:: INSTRUCTIONS FOR THE TASK ::
Each line in the data holding "with" should be listed.
── EXCERPTED DATA ──
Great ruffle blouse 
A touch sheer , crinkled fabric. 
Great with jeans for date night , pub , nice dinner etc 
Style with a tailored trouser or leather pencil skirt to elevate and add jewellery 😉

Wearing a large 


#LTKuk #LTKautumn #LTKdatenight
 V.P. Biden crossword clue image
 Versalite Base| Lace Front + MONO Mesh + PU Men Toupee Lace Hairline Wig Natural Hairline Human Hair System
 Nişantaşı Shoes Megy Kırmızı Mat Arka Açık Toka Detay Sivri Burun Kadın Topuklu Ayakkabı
───
:: RESPONSE BELOW ::
Great with jeans for date night , pub , nice dinner etc 
Style with a tailored trouser or leather pencil skirt to elevate and add jewellery 😉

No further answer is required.